[Brief descriptive captions]
==========

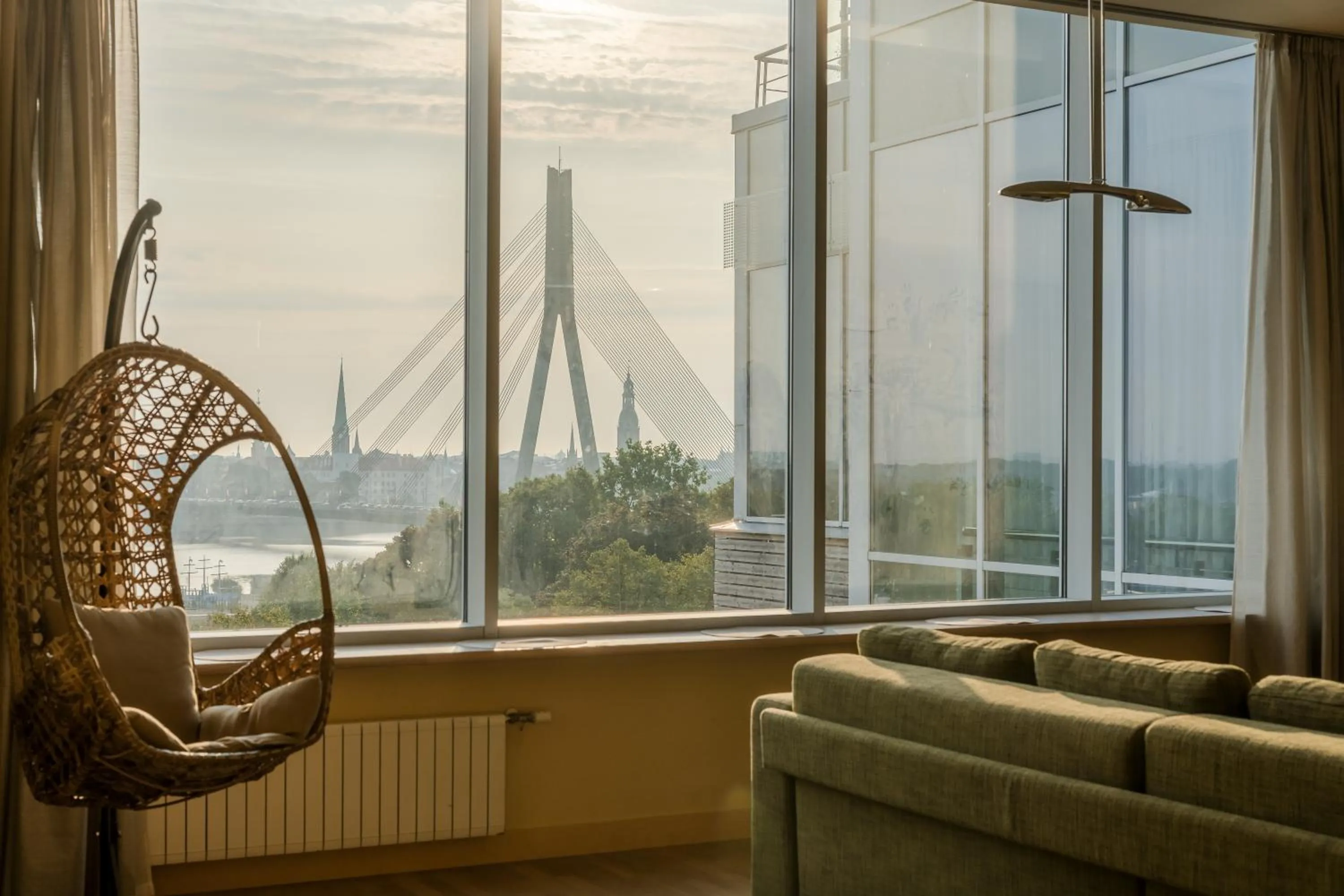 Photo of the whole room in Riga Islande Hotel with FREE Parking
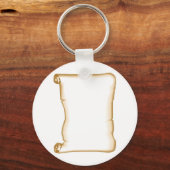 Porte-clés Un défilement de parchemin (Recto)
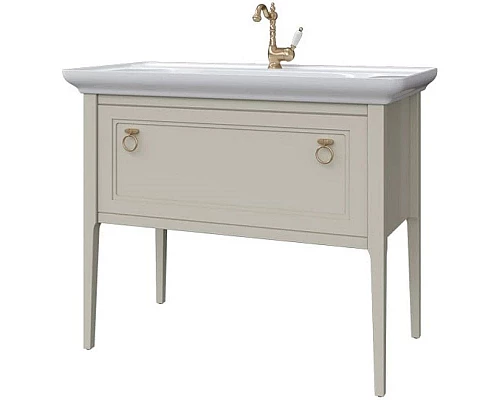 Приобрести Тумба оливин 94,2 см Caprigo Jersey 34314-TP813 в магазине сантехники Santeh-Crystal.ru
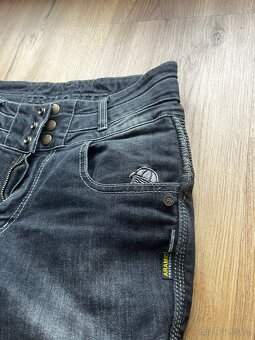 Trilobite moto jeans Zipsy Lady vel. UK30, černé - 4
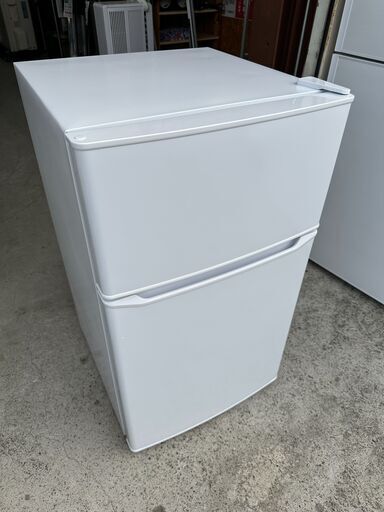 【動作保証あり】Haier ハイアール 2023年 JR-N85E 85L 2ドア 直冷式 冷凍冷蔵庫【管理KRR611】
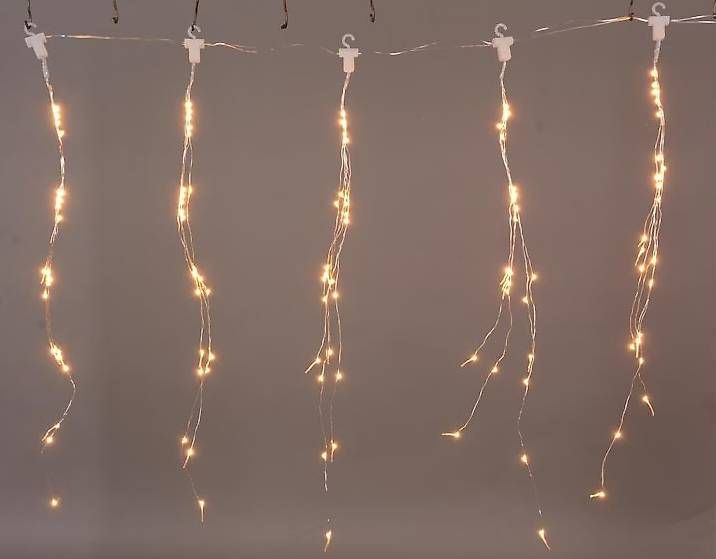 Ghirlande e barre luminose: 3er Set LED Lichtervorhang Outdoor 540 LED – Nuovo (secondo la descrizione) da Falera venduto da duca73 4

==========

§ What to work on
Give back exactly the lines from the line with "Trilobite moto jeans" through the final line of the entries above, and keep pictures out of the copy.

§ Answer for the task
 Trilobite moto jeans Zipsy Lady vel. UK30, černé - 4
 【動作保証あり】Haier ハイアール 2023年 JR-N85E 85L 2ドア 直冷式 冷凍冷蔵庫【管理KRR611】
 Ghirlande e barre luminose: 3er Set LED Lichtervorhang Outdoor 540 LED – Nuovo (secondo la descrizione) da Falera venduto da duca73 4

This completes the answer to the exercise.